You are on record as saying "no one is going to take this company private." I appreciate this is an honest opinion but I wonder if you can be sure. I hope your'e right
Many of you are waundering around blind without a cane.
I have been invested in this company since the nineties when it was Genzyme Transgenics. I have purchased most of my shares at considerably more than two dollars a share, and would be most unhappy to see the company "taken private" at two bucks. That would rep a market cap of 160 million for a company with a potential worth of many billions. Pardon me, but this deal has a peculiar odor. I do not care whether the company approached Harrison or vice versa,, the deal stinks. Sure we all could use a little cash from time to time but we don't sell our house for half price.
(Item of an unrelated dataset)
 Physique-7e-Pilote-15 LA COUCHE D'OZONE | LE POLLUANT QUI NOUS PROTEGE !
You of course are right I should have said EU and not EMEA. I appreciate your insights into Geoff Cox's presentations. I must have been napping during the uplifting parts. I apparently was not able present the important points of my post in a clear and concise manner. (A) I can not see any reason why this company should sell stock at this low price when; (1), they have sufficent capital to meet expenses for the next 6 months at very least, and (2), they have every reason to expect posative developments ie. approvals partnerships, in the oncoming months to increase the PPS and make dilution more palatable. (B) I am uncomfortable with the notion of allowing any individual our group to aquire close to a 25% interest in the company they did not have to purchase in the open market. (C) Publicly traded companies are required by statute to be reponsive to their shareholders. IMO GTCB owes us a better explanation of their actions than has been provided. As shareholders we should demand an explanation.
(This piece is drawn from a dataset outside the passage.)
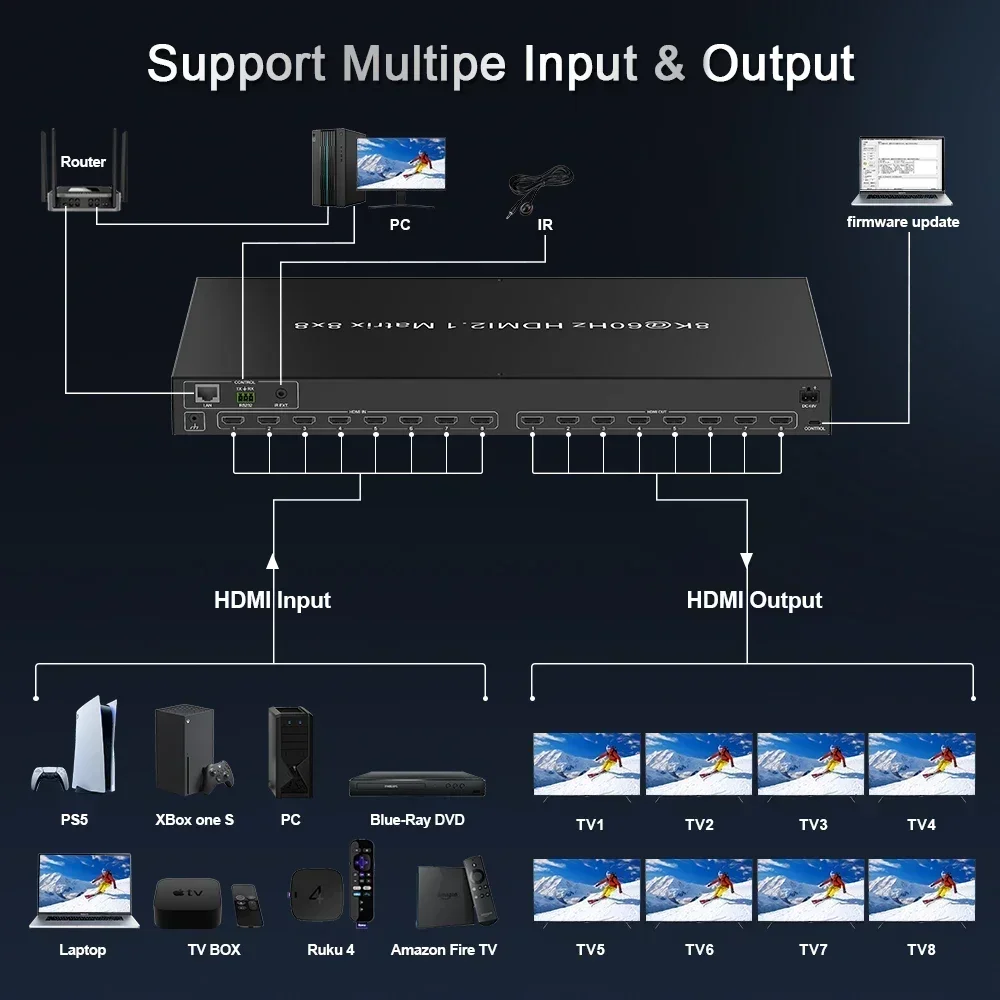 Nieuwe fabriek 8k 4k60hz 8 in  - Hdmi Matrix Switch 4X4 4K 60Hz recensie en prijs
I am a long time shareholder in this company. As such I have suffered more long term disappointments than any Red Sox fan. I have never been one for conspiracies, but this latest dilution has me thinking. IMO there are few reasons why this company would offer such a large volume of stock at this price when the prospects look so good. If they need money why not wait for the EMEA approval a partnership announcement ect. to move the price up. The first reason might be they have learned the Europeans are coming with a negative opinion. This would push the date when the company could develop a self sustaining revenue stream into 2008. The European decision would make financing even more difficult. I realy do not believe this is the case. They would certainly have to disclose this to the underwriters, or face serious consequences.
It almost seems like theyr'e giving this stock away. Cox's presentation on July 12th bordered on being morbid. Timing is crucial for this company, as it is for all fledgling biotechs. Cox seem to be giving the worst case scenario on every possible coming event, "like a basher trying to get the stock down." And it went down. The effect of this dilution allows William Harrison to gain control of the company without having to buy that rite in the open market.
Mangement is accountable to shareholders. I urge everyone to write the company and insist on an explanation of this recent event.